Dengan latar belakang inilah ketiga kontestan akan melakukan pemungutan suara pada tanggal 14 Februari. Janji-janji pemilu yang dibuat oleh masing-masing dari ketiga kandidat patut dianalisa untuk memahami kemungkinan arah yang akan diambil Indonesia setelah pemilu.
Subianto Prabowo yang berasal dari keluarga elit dan mendapat dukungan cukup besar, berjanji akan melanjutkan rencana Jokowi membangun Nusantara sebagai ibu kota baru. Ia juga menjanjikan pengembangan sektor maritim dan mengumumkan niatnya untuk menaikkan rasio pendapatan negara terhadap PDB menjadi 23% seiring dengan pembentukan badan pendapatan negara. Ia berencana meningkatkan anggaran pertahanan secara bertahap dan memodernisasi angkatan bersenjata. Ia juga berjanji untuk mencapai ketahanan pangan, energi dan air. Ia mewakili Partai Gerakan Indonesia Raya (Kerindra).
Saingannya, Kanjar Pranovo dari Partai Demokrasi Indonesia Perjuangan yang berkuasa, mendapat dukungan besar dari masyarakat umum Indonesia karena ia bukan bagian dari elit politik atau militer. Mahfut MD, Menteri Pertahanan Indonesia yang sangat dihormati, adalah wakil Ganjar. Kanjar juga populer di kalangan pemilih muda dan aktif di media sosial. Kanjar juga menyinggung kelanjutan rencana Presiden Widodo yang menargetkan tingkat pertumbuhan ekonomi Indonesia sebesar 7% dan berjanji akan menciptakan 17 juta lapangan kerja. Ia juga berjanji untuk memodernisasi perangkat keras militer dan memperluas jaminan sosial.
Pesaing ketiga, akademisi Anis Baswedan, merupakan sosok yang sangat populer. Dia bukan anggota partai politik mana pun, tetapi mendapat dukungan dari tiga partai. Ia juga mengumumkan target tingkat pertumbuhan Indonesia sebesar 5,5%-6,5%, menciptakan 15 juta lapangan kerja dan meningkatkan rasio pajak-PDB dari 10,4% pada tahun 2022 menjadi 13-16% pada tahun 2029. Bangun dua juta unit baru yang terjangkau dan jaga inflasi antara 2-3%.
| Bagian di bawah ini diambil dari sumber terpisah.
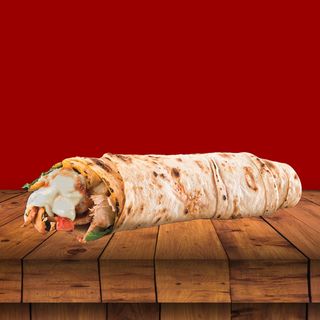 Pileći Doner sa Gauda Sirom ''Mega'' (200gr) / Kaşarlı Mega Tavuk Döner Dürüm (200gr)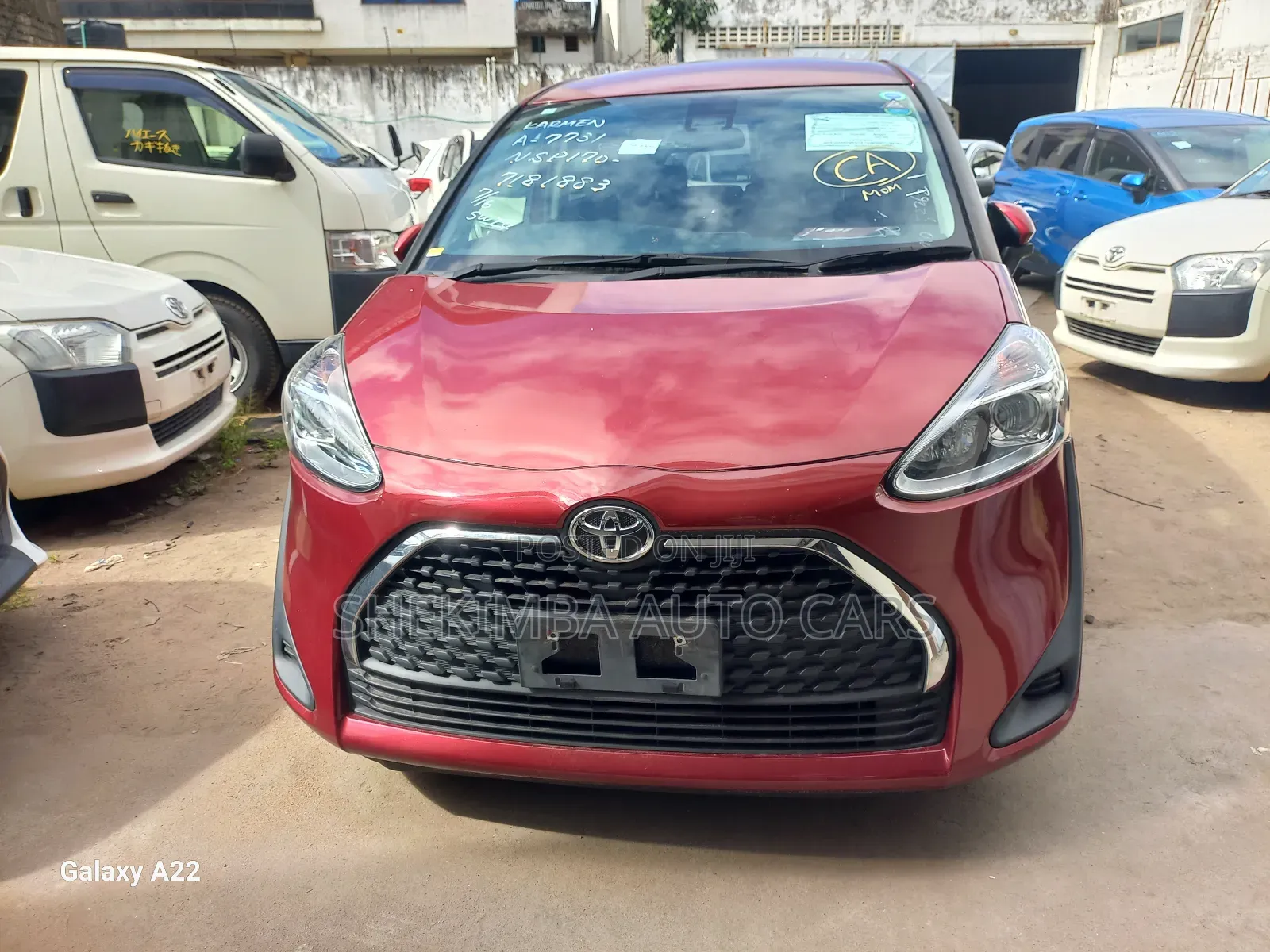 Toyota Sienta 2019 Red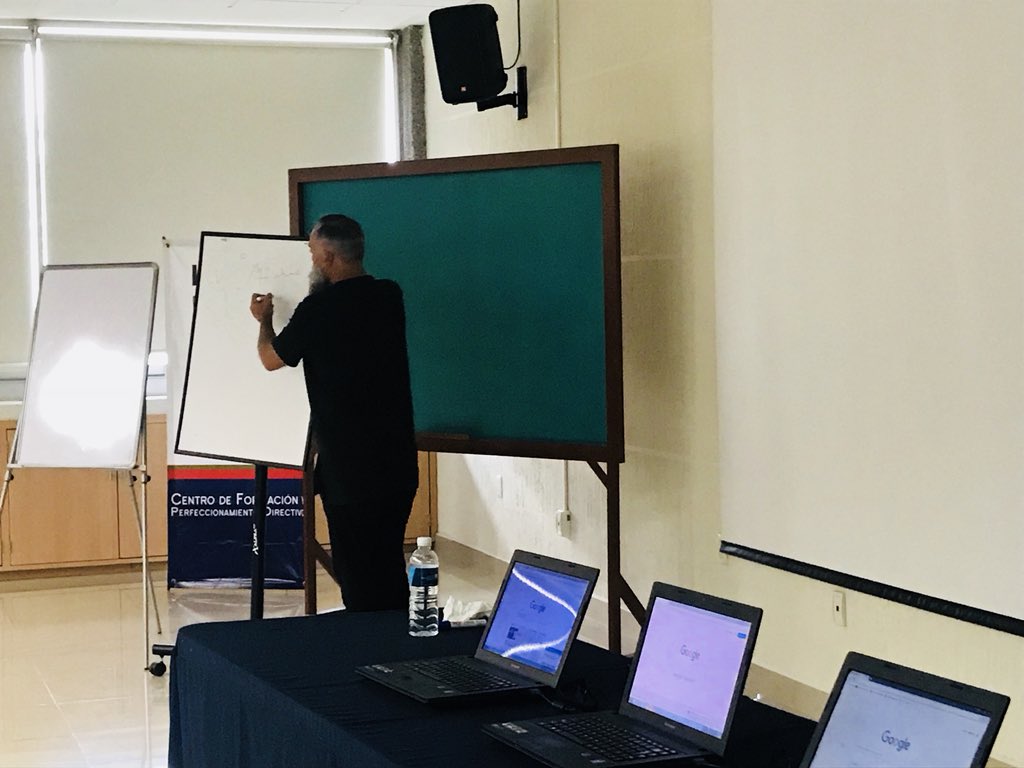 sapica_trst's tweet photo. #workshop herramientas para la creatividad en tu empresa con @plazas_javier #IIFF18 https://t.co/u0KZHExE3a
Dari manifesto ketiga kandidat, terlihat jelas bahwa pertumbuhan ekonomi dalam negeri akan terus berlanjut. Oleh karena itu, Tiongkok dapat dipandang positif jika negara-negara donor lainnya tidak memberikan konsesi untuk mengisi kesenjangan tersebut. Pengalaman Indonesia sebelumnya dengan utang seharusnya membuat negara ini waspada terhadap perjanjian lebih lanjut dengan Tiongkok. Namun, karena infrastruktur merupakan sebuah kebutuhan dan seperti yang ditunjukkan oleh ketiga kandidat, Tiongkok akan mencoba memanfaatkan kesenjangan infrastruktur dan memberikan penawaran yang lebih menguntungkan. Setidaknya dua kandidat telah berjanji untuk memperkuat militer, yang berarti kedaulatan, khususnya di Laut Cina Selatan, akan terus menjadi perhatian kebijakan luar negeri. Negara kepulauan ini dan hasil pemilunya mempunyai implikasi penting terhadap perebutan kekuasaan yang lebih besar di Asia dan harus diwaspadai dengan cermat.
Artikel ini ditulis oleh Sriparna Pathak, Associate Professor, Studi Tiongkok dan Hubungan Internasional, Sekolah Hubungan Internasional Jindal, Universitas Global OP Jindal, Sonipat.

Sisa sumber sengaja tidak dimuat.